Playing in the pre-Beatles rock/rhythm & blues era, the Lancers borrowed largely from the black artists of the day – Muddy Waters, Ray Charles, Jimmy Reed, Bo Diddley – music they heard on disc jockey Hugh Cherry’s radio show on Nashville’s WMAK.
“The station played what the kids liked to dance to,” remembered Hickerson. “So we were riding along with that. When we started it was rhythm and blues; when we finished it was rock ‘n’ roll.”
WMAK was one of Nashville’s two most popular radio stations (WKDA the other) among listeners aged 18-49 during the late 1950s and through the ‘60s. During this period, the two battled for supremacy of the airways by trying to outdo each other in contests, or with the most music, or with the coolest DJs. Cherry was one of those.
Kirby recalls going out to buy the 45-rpm records played on the radio, having the band gather around a record player, listen and try to figure out how to play it. Ultimately, it was Hendrickson who could put it together for them.
“The guiding influence for our song selection was Phil’s obsession with listening to WMAK,” said Hickerson. “We didn’t write our own music or anything like that – it was copycat stuff, but we definitely had our own style.”
He thinks the band members borrowed a bit from jazz, since they we were able to improvise so well. “It is hard to describe how that can work so seamlessly but it did. Call it chemistry, or synergy, or whatever it is, we had that,” he added. “As engineers, we experimented I guess, but we still can’t figure out how we did it.”

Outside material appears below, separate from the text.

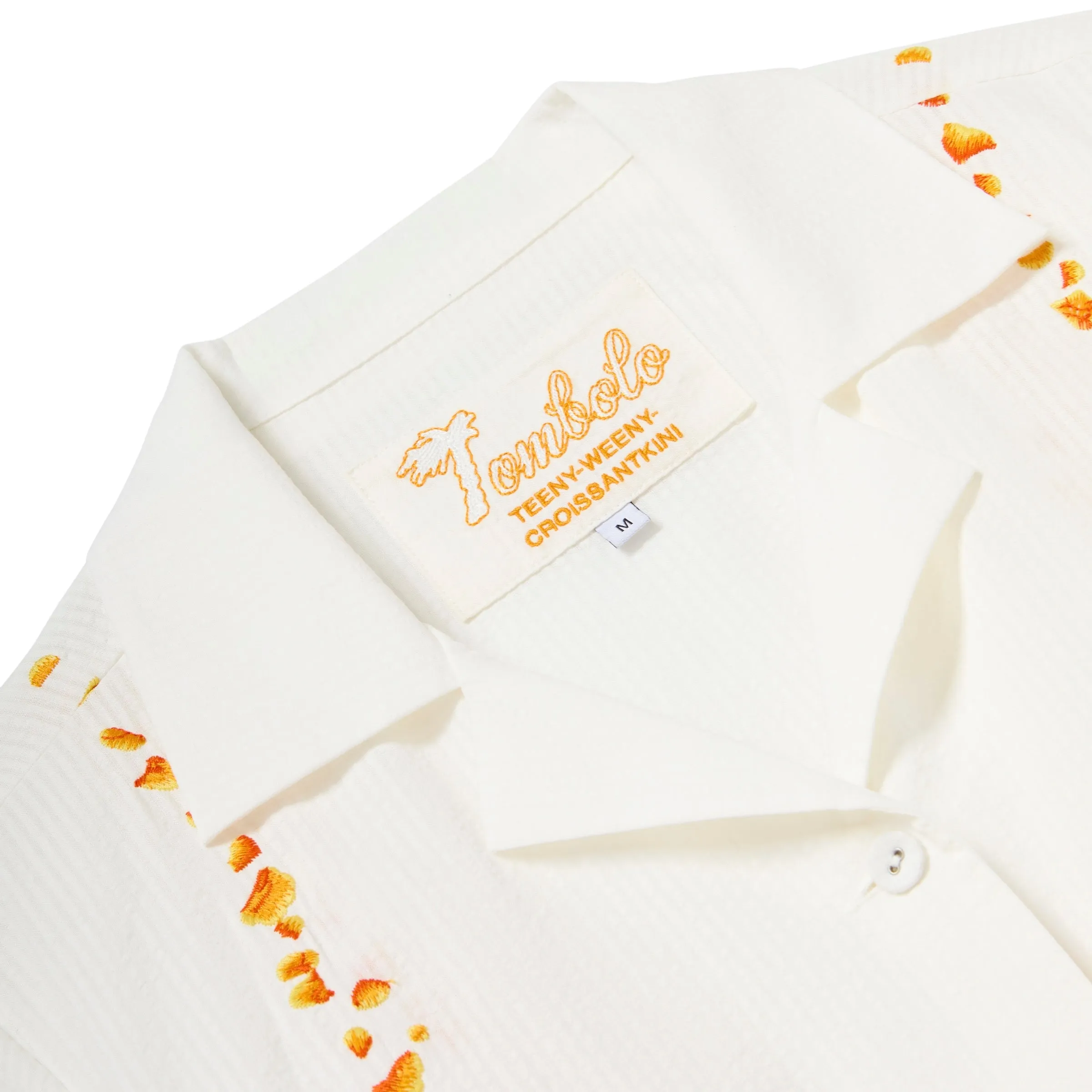 'Teeny-Weeny-Croissantkini' ~ Relaxed Crop Cut (Seersucker) sold by Tombolo product image thumbnail 5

The band came together by accident when all four boys were in the same high school fraternity in 1958. Kirby became close friends with Harry Moore who just happened to own a guitar – and also spent a lot of time with his ear glued to Nashville radio.

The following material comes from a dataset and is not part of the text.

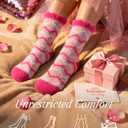 TEHOOK Warm & Cozy Gifts for Women, Fluffy Fuzzy Plush Sleeping Slipper Socks - Soft Warm Fabric (Pink)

“While our classmates were happily listening to Elvis (Presley), we were listening to Mississippi Delta and Chicago blues of the day,” Moore said. “I think we were smitten with that sound and emotion, and later, as the Lancers, blues music was our passion.”
Listening to Moore play prompted Kirby to “learn to play something,” so he went to a pawnshop and found a set of drums.
Since two-piece bands would not be popular until the White Stripes or Black Keys made them so decades later, Hendrickson was asked if he wanted to play with the other two. Things started to gel, but something was missing.
Kirby, by default the group’s leader/promoter/manager, spotted Hickerson in the audience at a Belle Meade gig where the then-trio – initially called BH and the Betas – was playing. Before the fraternity, the two had met years earlier at a Lipscomb University day camp.
“I knew he played saxophone, so at the Belle Meade party, I saw him in the crowd and recruited him,” Kirby said. That core group has endured for 50 years.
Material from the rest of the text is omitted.